### RECORDS SHOWN
· · · ·
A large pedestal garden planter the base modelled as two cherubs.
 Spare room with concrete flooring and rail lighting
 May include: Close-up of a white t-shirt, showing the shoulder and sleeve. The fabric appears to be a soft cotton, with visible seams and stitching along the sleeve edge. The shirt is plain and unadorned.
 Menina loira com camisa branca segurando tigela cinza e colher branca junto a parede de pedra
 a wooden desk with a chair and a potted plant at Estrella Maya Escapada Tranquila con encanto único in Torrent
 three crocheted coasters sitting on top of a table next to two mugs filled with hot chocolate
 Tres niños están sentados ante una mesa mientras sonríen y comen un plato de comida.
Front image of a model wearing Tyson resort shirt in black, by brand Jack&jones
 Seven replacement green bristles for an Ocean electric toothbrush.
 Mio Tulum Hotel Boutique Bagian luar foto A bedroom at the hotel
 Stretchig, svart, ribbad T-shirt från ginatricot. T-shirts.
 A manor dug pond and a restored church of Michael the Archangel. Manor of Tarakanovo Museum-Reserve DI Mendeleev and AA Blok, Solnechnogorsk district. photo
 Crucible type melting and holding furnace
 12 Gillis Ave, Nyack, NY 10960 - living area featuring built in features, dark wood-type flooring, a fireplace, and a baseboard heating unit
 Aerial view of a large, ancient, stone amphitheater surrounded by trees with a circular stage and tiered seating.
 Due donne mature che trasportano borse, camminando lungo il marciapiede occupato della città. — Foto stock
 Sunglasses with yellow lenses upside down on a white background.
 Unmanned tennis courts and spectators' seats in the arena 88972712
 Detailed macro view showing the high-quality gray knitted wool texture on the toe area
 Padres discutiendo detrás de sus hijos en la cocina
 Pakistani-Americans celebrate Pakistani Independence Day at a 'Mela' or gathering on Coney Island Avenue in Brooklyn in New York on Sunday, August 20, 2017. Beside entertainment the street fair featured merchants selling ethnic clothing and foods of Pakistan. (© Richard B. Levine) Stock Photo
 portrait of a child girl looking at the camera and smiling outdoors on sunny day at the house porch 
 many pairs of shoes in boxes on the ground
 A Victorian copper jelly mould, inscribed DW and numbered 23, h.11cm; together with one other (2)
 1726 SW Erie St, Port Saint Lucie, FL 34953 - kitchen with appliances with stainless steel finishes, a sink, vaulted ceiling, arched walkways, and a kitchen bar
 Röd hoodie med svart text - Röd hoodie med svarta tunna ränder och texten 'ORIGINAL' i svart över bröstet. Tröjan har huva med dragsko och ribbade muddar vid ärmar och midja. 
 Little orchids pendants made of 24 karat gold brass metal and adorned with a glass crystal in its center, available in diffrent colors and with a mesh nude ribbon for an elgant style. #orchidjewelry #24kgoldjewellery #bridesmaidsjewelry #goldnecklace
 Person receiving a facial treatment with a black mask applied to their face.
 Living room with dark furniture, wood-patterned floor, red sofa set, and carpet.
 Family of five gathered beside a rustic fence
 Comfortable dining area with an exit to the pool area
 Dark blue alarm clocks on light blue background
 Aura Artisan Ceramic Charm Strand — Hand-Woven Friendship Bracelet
· · · ·
### WHAT IS REQUIRED
Retype only the stretch of lines above starting at the one with "May include: Close-up" and stopping at the one with "A Victorian copper", exactly as written, with both kept.

### ANSWER TO THE EXERCISE
 May include: Close-up of a white t-shirt, showing the shoulder and sleeve. The fabric appears to be a soft cotton, with visible seams and stitching along the sleeve edge. The shirt is plain and unadorned.
 Menina loira com camisa branca segurando tigela cinza e colher branca junto a parede de pedra
 a wooden desk with a chair and a potted plant at Estrella Maya Escapada Tranquila con encanto único in Torrent
 three crocheted coasters sitting on top of a table next to two mugs filled with hot chocolate
 Tres niños están sentados ante una mesa mientras sonríen y comen un plato de comida.
Front image of a model wearing Tyson resort shirt in black, by brand Jack&jones
 Seven replacement green bristles for an Ocean electric toothbrush.
 Mio Tulum Hotel Boutique Bagian luar foto A bedroom at the hotel
 Stretchig, svart, ribbad T-shirt från ginatricot. T-shirts.
 A manor dug pond and a restored church of Michael the Archangel. Manor of Tarakanovo Museum-Reserve DI Mendeleev and AA Blok, Solnechnogorsk district. photo
 Crucible type melting and holding furnace
 12 Gillis Ave, Nyack, NY 10960 - living area featuring built in features, dark wood-type flooring, a fireplace, and a baseboard heating unit
 Aerial view of a large, ancient, stone amphitheater surrounded by trees with a circular stage and tiered seating.
 Due donne mature che trasportano borse, camminando lungo il marciapiede occupato della città. — Foto stock
 Sunglasses with yellow lenses upside down on a white background.
 Unmanned tennis courts and spectators' seats in the arena 88972712
 Detailed macro view showing the high-quality gray knitted wool texture on the toe area
 Padres discutiendo detrás de sus hijos en la cocina
 Pakistani-Americans celebrate Pakistani Independence Day at a 'Mela' or gathering on Coney Island Avenue in Brooklyn in New York on Sunday, August 20, 2017. Beside entertainment the street fair featured merchants selling ethnic clothing and foods of Pakistan. (© Richard B. Levine) Stock Photo
 portrait of a child girl looking at the camera and smiling outdoors on sunny day at the house porch 
 many pairs of shoes in boxes on the ground
 A Victorian copper jelly mould, inscribed DW and numbered 23, h.11cm; together with one other (2)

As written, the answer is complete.